Probably one reason they think “Hope®” it will work is because it is “legal”.
We don’t make the loopholes. We just find them. The Treasury can’t print money on its own, because the money supply is supposed to be the strict purview of the Federal Reserve … but that might not be quite so strict after all, thanks to a coin-sized exception. Congress passed a law in 1997, later amended in 2000, that gives the Secretary of the Treasury the authority to mint platinum coins, and only platinum coins, in whatever denomination and quantity he or she wants. That could be $100, or $1,000, or … $1 trillion.
And we know that Congress has the power “to coin money and regulate the value thereof”, right? The Constitution says so, right?
This is why I obsess about the meaning of “regulate”. Regulate does not mean dictate or direct, it means to make regular, to standardize.
This is what regulating the value of coin looks like. (my bold)

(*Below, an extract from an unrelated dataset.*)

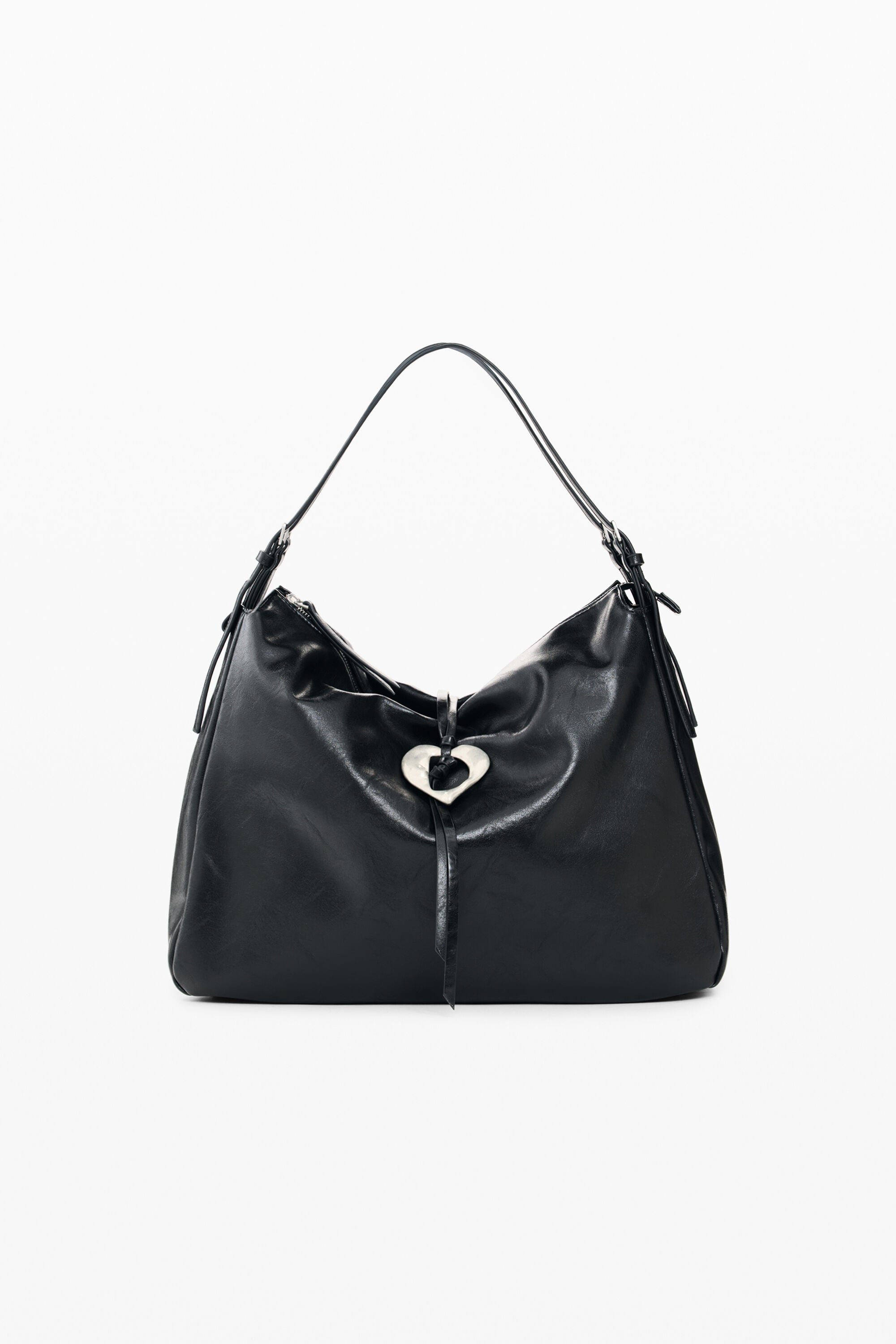 Desigual grote crossbodytas met effect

On April 2, 1792, U.S. Secretary of the TreasuryAlexander Hamilton reported to Congress the precise amount of silver found in Spanish milled dollar coins in common use in the States. As a result, the United States dollar was defined[12] as a unit of weight equaling 371 4/16th grains (24.057 grams) of pure silver, or 416 grains of standard silver (standard silver being defined as 1,485 parts fine silver to 179 parts alloy).[13] It was specified that the “money of account” of the United States should be expressed in those same “dollars” or parts thereof.

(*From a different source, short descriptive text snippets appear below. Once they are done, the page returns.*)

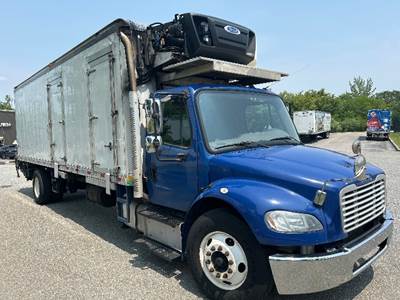 Freightliner M2 Box Truck - 280HP, 6 Speed Automatic, Roll up Door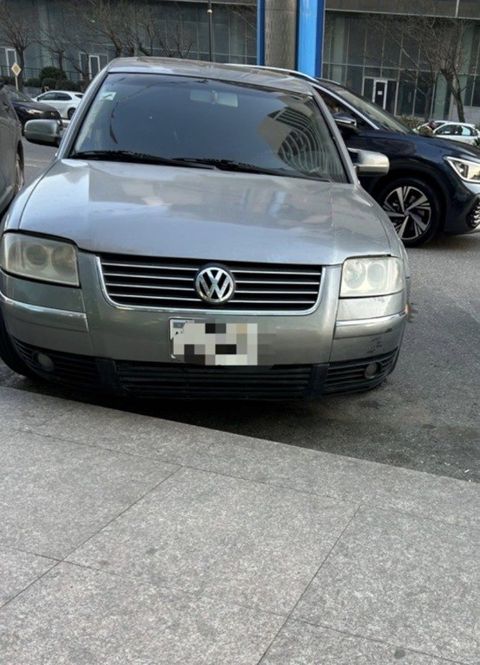 Volkswagen Passat, 1.8 L, 2002 il, 240 000 km — Bakı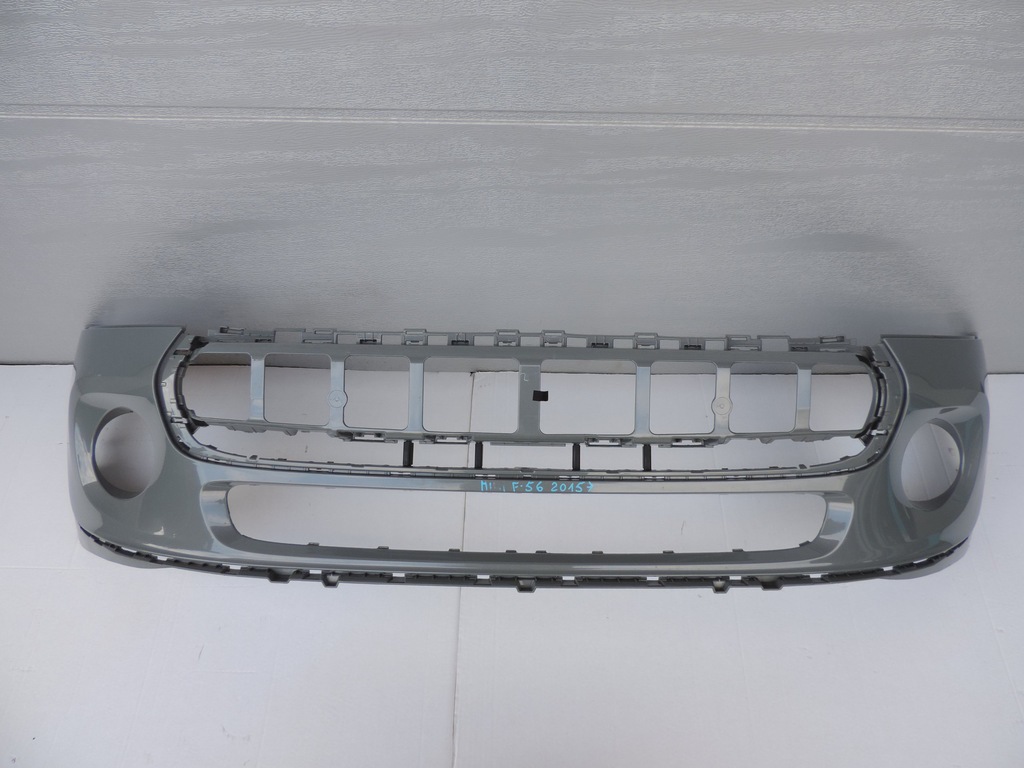 фото №1, Mini cooper f56 2015 2016 передній бампер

Contrary to the quoted link from Atlantic, it is the Constitution, not the Federal Reserve System, that prevents the Treasury from printing money. After their experience with the Continental Dollar, in the Constitution of 1787 they deliberately gave Congress only the power to coin money.

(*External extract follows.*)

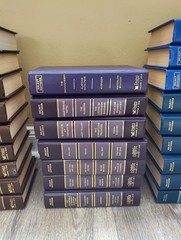 Lot of 7 Select Editions Reader’s Digest Condensed Books Decor Library Staging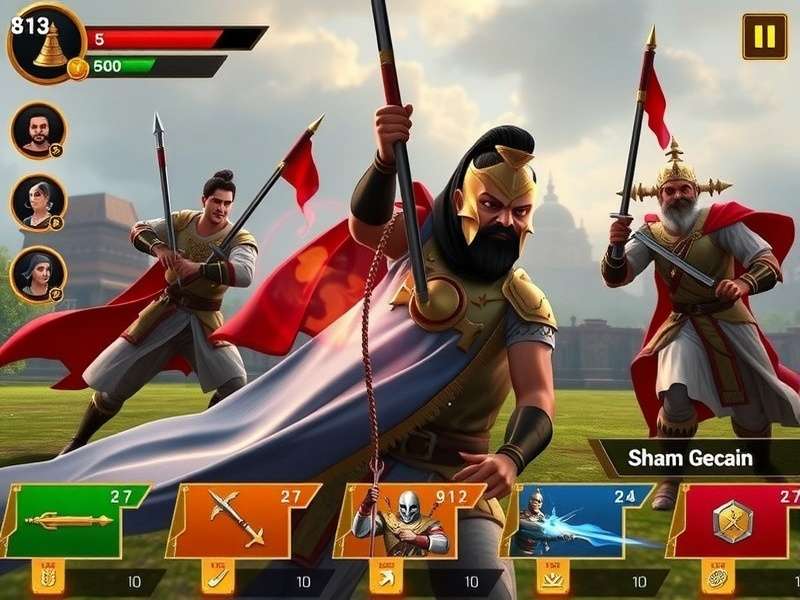 Ludo King game screenshot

“Some think that the rebel bills depreciated because people lost confidence in them or because they were not backed by tangible assets,” writes financial historian Robert E. Wright. “Not so. There were simply too many of them.”[12] Congress and the states lacked the will or the means to retire the bills from circulation through taxation or the sale of bonds.[13]
Sound familiar? Unable to find buyers for all of the bonds the Treasury is exchanging for spending money, the Fed System has purchased $1.676 trillion of them with newly created dollars. Once again we cannot retire ‘paper’ money from circulation by either taxation or selling bonds. There were too many Continental dollars because they were not backed by tangible assets. The post 1787 dollar was a unit of weight, not an arbitrary number. Regulating the value meant making all coins the same weight of metal per dollar of value.
The trillion dollar coin idea will not fit the Constitution but with the judicial consensus being that “regulate”, instead of “to make regular”, means “exercise dictatorial control over”, then why not “regulate” that the coin is worth a trillion?
A trillion dollar coin. Is this what he meant by “Hope® and Change”. Got to admit, sometimes this collapse is entertaining. If you like dark comedy.